How will cannabis be distributed at the retail level?
If we were to have establishments such as the LCBO as the supplier, its potential risk of higher intoxication levels and fear of one mixing both substances could lead to incidents or casualties. Premiers have stated they’d prefer government controlled storefront retailers and pharmacies being designated as the only point-of-sale. Pharmacies dispense medicinal drugs daily to the public with the reassurance of safety and store fronts, would only be a designated establishment to obtain cannabis. Still, this model demands staff be trained on proper use of cannabis products. In essence, the market would be starting at zero, rather than incorporating the already flourishing cannabis market that exists.
Zero-Tolerance Budget Baiting
On the enforcement side, the talk seems to revolve around the old prohibition models. Many have been arrested since Trudeau announced the Liberals legalization model. And still more will be, under the harsh impaired driving laws and regulatory standards that are being rolled out.
Law enforcement has implemented training officers into becoming drug recognition experts. With the familiarization on how to conduct a drug sobriety test, determine physical movements of drug impairment and prevention strategies, law enforcement agencies hope to receive funding and a portion of the tax- revenue generated throughout Canada, maintaining prohibition budgets through additional penalties for regulatory infraction enforcement.
“Public awareness campaigns” stress the dangers of driving impaired, penalties faced and their zero-tolerance regulation. As of now, the maximum penalties in place will include an additional “two years less a day on summary conviction (up from 18 months), and to 10 years on indictment (up from 5 years)”. These penalties now are now able to convict an impaired driver as a dangerous offender based on the suitable circumstance. Trafficking is an activity that could be increased so the RCMP, Canada Border Services Agency and local police are working together to uphold laws surrounding the potential illegal movements of cannabis.

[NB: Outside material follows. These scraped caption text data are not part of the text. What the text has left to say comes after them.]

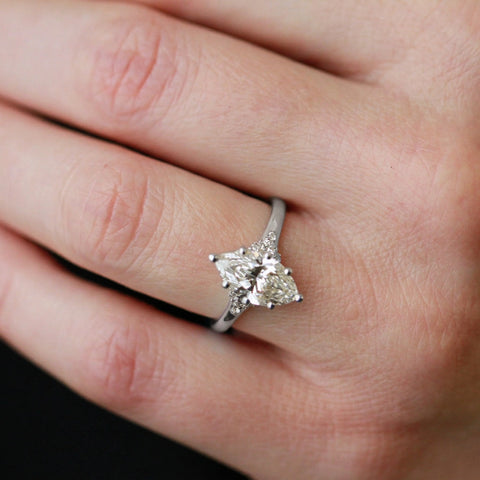 Platinum 2.21cttw Lab-Grown Marquise Diamond Engagement Ring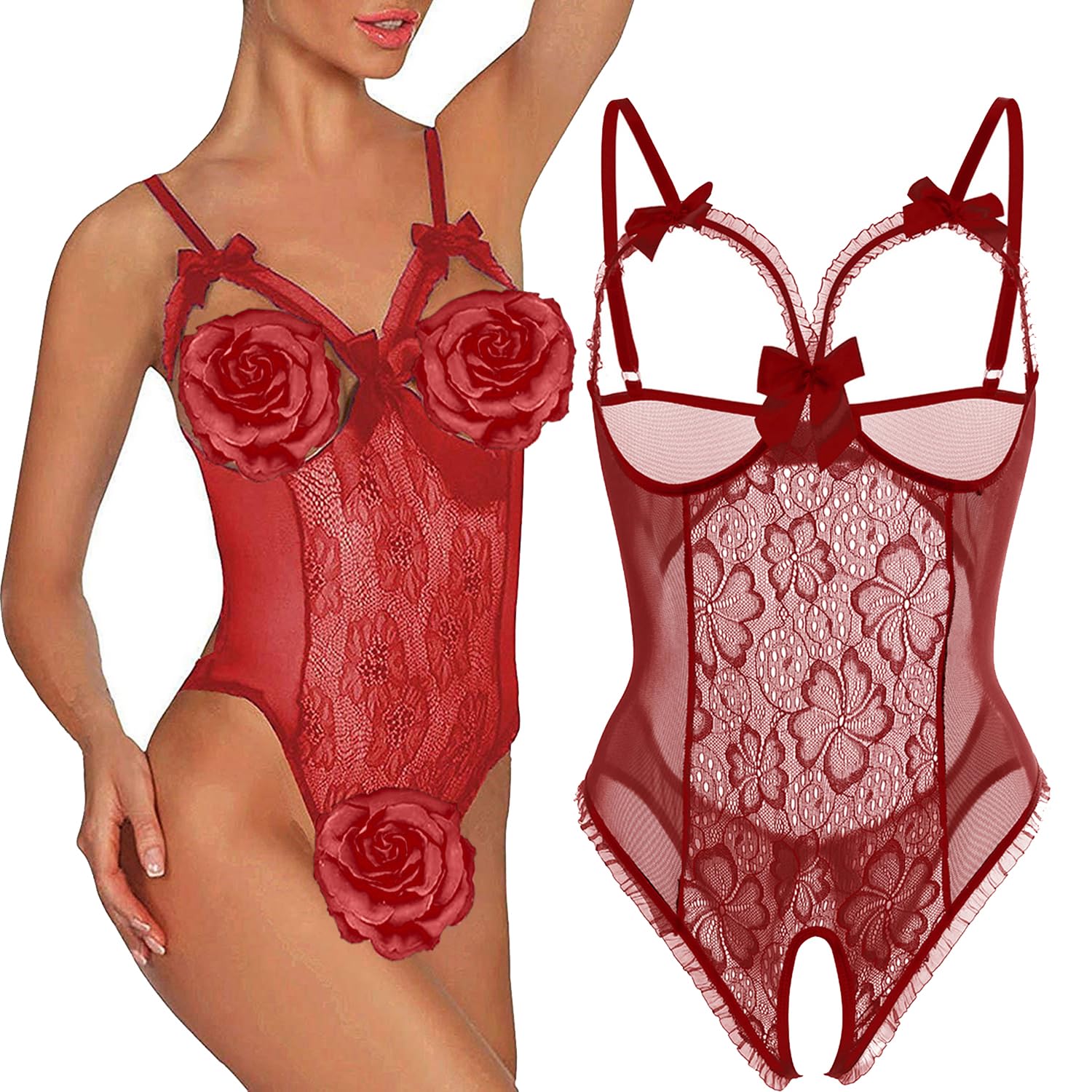 AIBINGGE Lingerie for Women Sexy Teddy One-Piece Lace Babydoll Bodysuit Nightie Plus Size: XX-Large Wine Red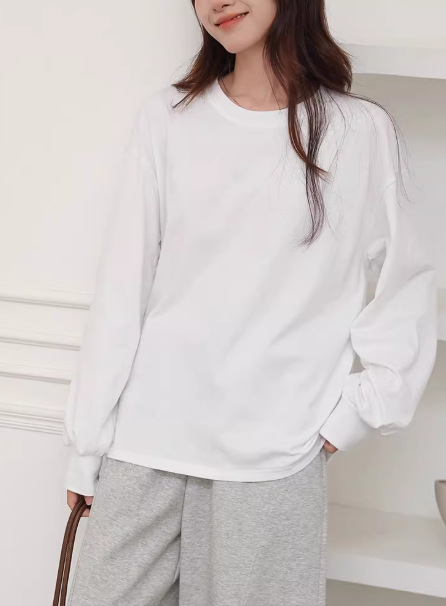 Tricou damă lejer cu mâneci lantern, guler cu volan, pulover, bumbac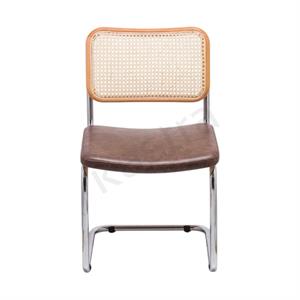 Cesca Düz Deri Minderli Sandalye - Naturel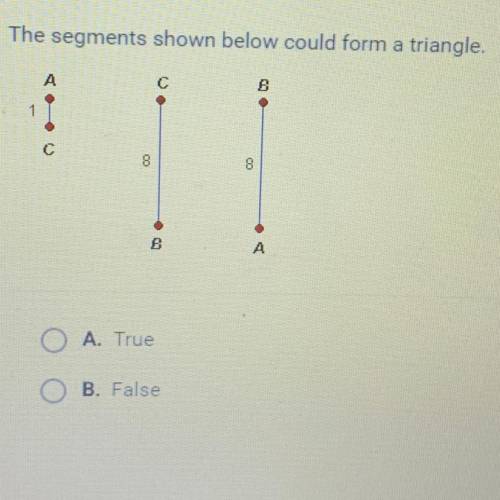 The segments shown below could form a triangle. A. True B. False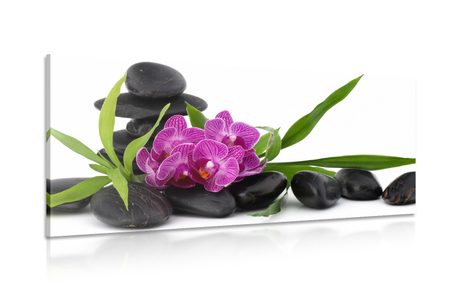 TABLOU ORHIDEE VIOLETĂ ÎN NATURA MOARTĂ ZEN - TABLOURI FENG SHUI - TABLOURI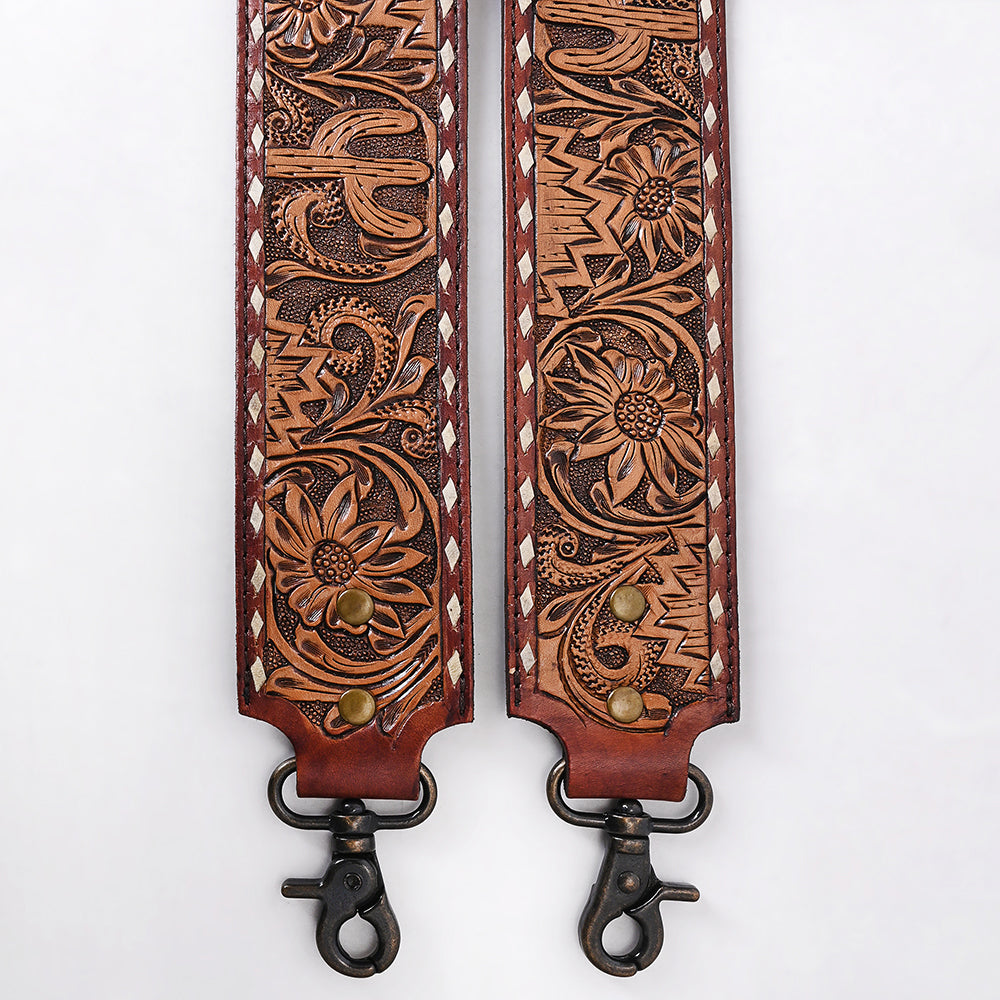 ADBT147 Wide Hand-Tooled Leather Bag Strap with Whipstitch Edges - Western Floral Carved Replacement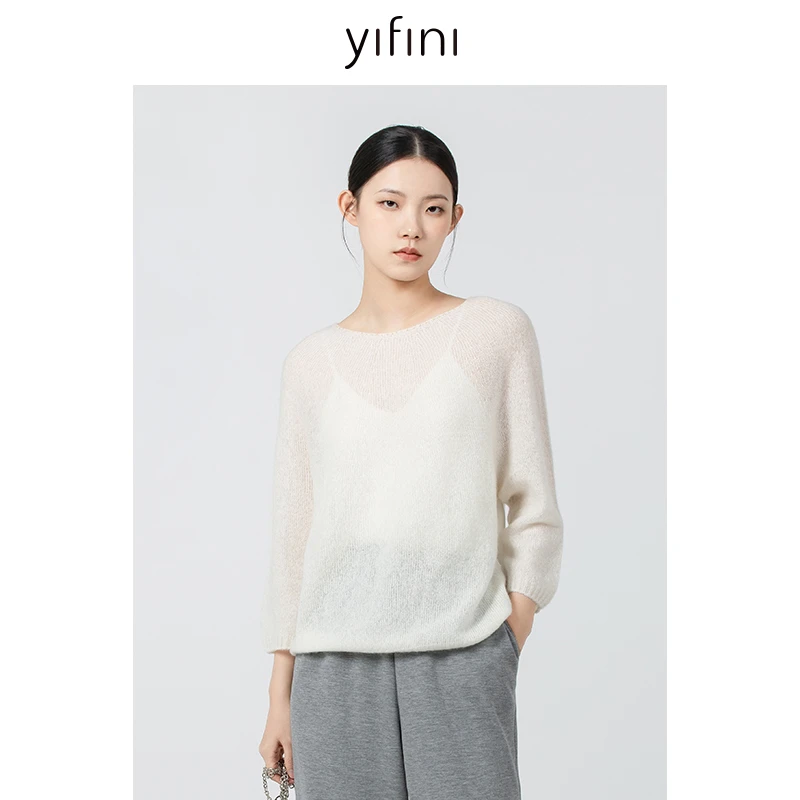 【Yifini】混纺圆领精致百搭宽松细腻珠边毛衫2107M920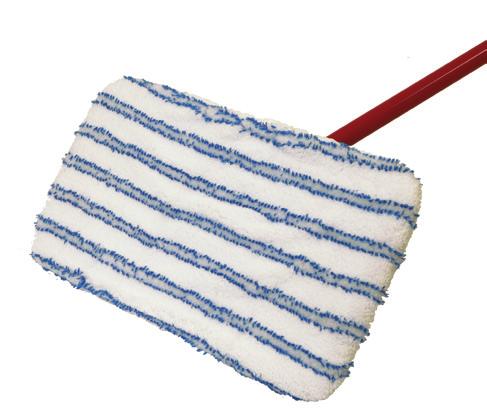 tangling of strands Handle is 54" long Picks up 75% more dirt and dust per swipe than traditional mops 5" pad absorbs seven times its weight in liquid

So, the countdown continues with 44 weeks, 6days, 3hours, 37minutes and 19 seconds left until the Liberals promised to have their shit together. The Provinces and Territories say they have yet to receive the support they need to proceed, and the Cannabis Community nationwide continues to be subject to arrest and imprisonment, for breaking a law that won’t be a law less than a year from now…(at least that’s what they told us when they wanted our votes.)